[Common Names: status report]

Ron Gatrelle gatrelle at tils-ttr.org
Tue May 13 12:33:58 EDT 2003

----- Original Message -----
From: "paul opler" <paulevi at webaccess.net>
To: <stan_gorodenski at asualumni.org>; <leps-l at lists.yale.edu>
Sent: Tuesday, May 13, 2003 10:12 AM
Subject: Re: [Fwd: [SoWestLep] Common Names: status report]

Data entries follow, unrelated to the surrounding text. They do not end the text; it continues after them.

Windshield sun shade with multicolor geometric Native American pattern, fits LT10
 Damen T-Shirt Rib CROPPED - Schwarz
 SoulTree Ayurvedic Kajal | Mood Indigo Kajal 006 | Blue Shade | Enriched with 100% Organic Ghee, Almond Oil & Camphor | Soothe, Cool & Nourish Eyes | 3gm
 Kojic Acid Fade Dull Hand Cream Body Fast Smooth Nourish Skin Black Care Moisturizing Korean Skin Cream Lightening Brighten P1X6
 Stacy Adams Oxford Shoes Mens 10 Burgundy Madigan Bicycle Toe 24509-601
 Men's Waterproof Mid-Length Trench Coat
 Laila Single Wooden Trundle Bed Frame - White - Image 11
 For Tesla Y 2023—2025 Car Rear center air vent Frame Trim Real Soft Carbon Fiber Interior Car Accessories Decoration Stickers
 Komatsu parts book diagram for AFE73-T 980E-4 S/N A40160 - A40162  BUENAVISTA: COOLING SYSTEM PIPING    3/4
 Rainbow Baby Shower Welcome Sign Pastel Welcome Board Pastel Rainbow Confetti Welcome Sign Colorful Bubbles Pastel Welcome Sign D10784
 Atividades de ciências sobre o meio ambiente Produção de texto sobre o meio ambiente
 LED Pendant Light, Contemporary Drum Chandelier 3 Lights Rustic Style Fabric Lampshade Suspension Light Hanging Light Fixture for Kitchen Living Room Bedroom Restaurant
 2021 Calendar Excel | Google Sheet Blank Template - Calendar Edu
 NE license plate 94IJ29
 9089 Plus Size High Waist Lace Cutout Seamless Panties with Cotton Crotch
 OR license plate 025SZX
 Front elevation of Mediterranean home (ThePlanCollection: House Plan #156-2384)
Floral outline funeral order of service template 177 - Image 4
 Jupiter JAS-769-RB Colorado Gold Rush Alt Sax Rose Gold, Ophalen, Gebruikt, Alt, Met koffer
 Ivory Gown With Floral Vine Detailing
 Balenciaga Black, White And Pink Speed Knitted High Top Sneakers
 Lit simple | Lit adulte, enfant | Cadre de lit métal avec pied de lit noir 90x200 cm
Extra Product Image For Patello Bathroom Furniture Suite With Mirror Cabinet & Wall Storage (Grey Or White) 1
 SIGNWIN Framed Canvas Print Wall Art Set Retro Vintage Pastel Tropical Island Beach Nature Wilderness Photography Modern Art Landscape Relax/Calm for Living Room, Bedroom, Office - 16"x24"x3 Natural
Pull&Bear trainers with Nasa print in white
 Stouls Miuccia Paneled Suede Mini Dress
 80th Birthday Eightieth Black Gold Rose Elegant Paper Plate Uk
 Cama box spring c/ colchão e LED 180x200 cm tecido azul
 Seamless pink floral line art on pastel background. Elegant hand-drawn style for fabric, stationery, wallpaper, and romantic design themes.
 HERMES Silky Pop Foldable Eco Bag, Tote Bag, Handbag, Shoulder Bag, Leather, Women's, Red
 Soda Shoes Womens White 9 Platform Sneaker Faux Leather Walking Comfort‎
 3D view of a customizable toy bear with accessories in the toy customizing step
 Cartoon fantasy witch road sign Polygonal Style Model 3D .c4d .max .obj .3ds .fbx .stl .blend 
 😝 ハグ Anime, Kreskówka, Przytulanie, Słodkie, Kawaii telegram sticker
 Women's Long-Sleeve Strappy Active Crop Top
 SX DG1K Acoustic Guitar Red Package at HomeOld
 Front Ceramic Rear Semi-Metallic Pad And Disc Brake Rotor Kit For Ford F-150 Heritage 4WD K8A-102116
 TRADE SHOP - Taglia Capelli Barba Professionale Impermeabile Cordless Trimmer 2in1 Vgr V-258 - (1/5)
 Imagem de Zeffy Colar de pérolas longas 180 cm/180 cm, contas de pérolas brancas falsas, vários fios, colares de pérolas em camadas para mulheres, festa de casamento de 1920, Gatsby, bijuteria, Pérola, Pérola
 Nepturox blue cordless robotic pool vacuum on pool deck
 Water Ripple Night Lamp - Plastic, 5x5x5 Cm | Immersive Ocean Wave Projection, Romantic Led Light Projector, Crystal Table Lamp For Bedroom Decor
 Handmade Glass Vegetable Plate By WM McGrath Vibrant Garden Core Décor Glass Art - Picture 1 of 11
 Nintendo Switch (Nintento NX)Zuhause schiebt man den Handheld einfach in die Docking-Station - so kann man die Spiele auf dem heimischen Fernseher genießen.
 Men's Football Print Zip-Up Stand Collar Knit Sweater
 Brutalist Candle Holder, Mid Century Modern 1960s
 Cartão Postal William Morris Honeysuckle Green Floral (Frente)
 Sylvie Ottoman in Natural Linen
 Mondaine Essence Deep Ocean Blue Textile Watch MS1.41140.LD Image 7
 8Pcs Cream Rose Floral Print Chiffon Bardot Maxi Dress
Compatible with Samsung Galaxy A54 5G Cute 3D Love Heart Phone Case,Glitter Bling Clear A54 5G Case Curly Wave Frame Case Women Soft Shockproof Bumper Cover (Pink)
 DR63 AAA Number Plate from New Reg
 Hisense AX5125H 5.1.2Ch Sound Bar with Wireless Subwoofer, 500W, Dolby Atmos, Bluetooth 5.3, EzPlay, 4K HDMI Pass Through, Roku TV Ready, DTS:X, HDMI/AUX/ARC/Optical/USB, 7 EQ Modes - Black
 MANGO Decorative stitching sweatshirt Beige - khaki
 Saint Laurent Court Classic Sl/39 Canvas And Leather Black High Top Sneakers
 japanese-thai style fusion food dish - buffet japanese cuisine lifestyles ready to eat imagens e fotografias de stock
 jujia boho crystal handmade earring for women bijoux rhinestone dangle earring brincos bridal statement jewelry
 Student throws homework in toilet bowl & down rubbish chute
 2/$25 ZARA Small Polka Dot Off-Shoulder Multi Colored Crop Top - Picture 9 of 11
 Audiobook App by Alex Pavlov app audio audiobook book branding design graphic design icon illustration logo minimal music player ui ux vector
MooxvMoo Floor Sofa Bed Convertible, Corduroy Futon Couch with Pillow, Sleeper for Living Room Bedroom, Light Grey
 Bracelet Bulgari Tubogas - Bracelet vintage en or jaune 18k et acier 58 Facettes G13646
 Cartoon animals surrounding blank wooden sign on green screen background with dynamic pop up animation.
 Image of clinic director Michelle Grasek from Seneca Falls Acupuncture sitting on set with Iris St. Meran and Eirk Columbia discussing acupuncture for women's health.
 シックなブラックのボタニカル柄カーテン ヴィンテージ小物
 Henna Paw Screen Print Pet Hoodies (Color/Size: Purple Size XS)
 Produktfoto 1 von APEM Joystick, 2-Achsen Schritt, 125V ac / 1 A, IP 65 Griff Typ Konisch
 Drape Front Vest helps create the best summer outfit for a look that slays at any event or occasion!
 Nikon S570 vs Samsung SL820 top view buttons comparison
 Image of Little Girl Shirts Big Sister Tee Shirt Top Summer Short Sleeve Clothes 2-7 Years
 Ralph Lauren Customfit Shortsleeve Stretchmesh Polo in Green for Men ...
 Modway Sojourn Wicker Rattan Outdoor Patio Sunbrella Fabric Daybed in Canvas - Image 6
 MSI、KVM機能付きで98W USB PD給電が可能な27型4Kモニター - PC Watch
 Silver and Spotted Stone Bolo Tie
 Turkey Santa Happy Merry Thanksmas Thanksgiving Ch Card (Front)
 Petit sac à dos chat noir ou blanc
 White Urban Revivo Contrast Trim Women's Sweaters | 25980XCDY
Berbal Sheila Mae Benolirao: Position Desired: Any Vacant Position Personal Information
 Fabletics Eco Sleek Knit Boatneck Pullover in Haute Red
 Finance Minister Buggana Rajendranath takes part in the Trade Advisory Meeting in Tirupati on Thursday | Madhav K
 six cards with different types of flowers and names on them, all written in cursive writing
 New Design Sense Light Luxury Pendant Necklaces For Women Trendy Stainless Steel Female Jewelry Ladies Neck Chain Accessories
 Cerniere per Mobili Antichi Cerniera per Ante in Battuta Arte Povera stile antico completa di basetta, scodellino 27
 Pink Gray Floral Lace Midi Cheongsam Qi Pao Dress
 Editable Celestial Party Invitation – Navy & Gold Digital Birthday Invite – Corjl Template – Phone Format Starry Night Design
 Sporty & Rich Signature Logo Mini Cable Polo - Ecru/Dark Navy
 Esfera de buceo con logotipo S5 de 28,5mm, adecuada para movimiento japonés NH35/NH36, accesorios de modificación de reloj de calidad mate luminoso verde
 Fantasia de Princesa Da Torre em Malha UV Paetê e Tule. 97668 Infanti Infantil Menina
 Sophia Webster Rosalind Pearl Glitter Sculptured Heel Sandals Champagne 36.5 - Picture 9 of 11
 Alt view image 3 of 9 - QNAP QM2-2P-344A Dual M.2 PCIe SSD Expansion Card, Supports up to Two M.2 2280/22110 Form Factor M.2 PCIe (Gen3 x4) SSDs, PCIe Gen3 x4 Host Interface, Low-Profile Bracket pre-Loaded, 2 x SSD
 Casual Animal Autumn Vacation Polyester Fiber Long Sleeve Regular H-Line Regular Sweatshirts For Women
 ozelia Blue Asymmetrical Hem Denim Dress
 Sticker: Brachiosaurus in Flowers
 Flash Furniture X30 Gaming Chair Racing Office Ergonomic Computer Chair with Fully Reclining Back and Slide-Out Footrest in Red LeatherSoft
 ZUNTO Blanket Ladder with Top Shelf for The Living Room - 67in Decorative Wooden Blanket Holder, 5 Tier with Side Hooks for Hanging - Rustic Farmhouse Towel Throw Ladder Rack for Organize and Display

> The major difference, of course, is that common names have absolutely no
> standing according to taxonomic procedures and rule, whereas Latinized
> do have such standing.  Common names may be more stable, but Latin name
> usage reflects our often changing concepts about the taxal standing of
> various organisms and the synonymy of names.
> In addition, Latin names have international standing, whereas as common
> names do not.  A good example is the Mourning Cloak, a name
> in England where the same species is the Camberwell Beauty or in Germany
> where it is Trauermantel, etc., etc.
> Cheers,
> Paul

This thread reminds me of something I noted about a week ago.  On another
list serve botanists were talking about plant stuff and I noted the
following terminology being frequently used.  Rather that scientific vs.
common, the names were referred to "botanical" and "common".    There was a
great significance in this to me which is why I jotted it down on a note
pad.  I did not see any of the plant people refer to them a "scientific"

Botanical   /   common

Lepidopteral   /   common

When one says scientific  or common some may think of this as two optional
types of equal names: ones that the scientists use and the other ones used
by everybody else.   But to me saying botanical means that these are the
"real" names of plants and the "common" names are just our (scientists and
lay folk alike) informal slang for them.   My take is surely purely all in
the way my own perceptions function re these terms and others would see no
such imagery at all.   However, I do feel there is something that I can't
quite put my finger on that is causing some to not "get it" when it comes
to the fact that the "latinized/scientific/lepidopterological"  epithets
are the_ real_ names of butterflies, skippers and moths - Lepidoptera.
Just like the botanical names are the real names of plants.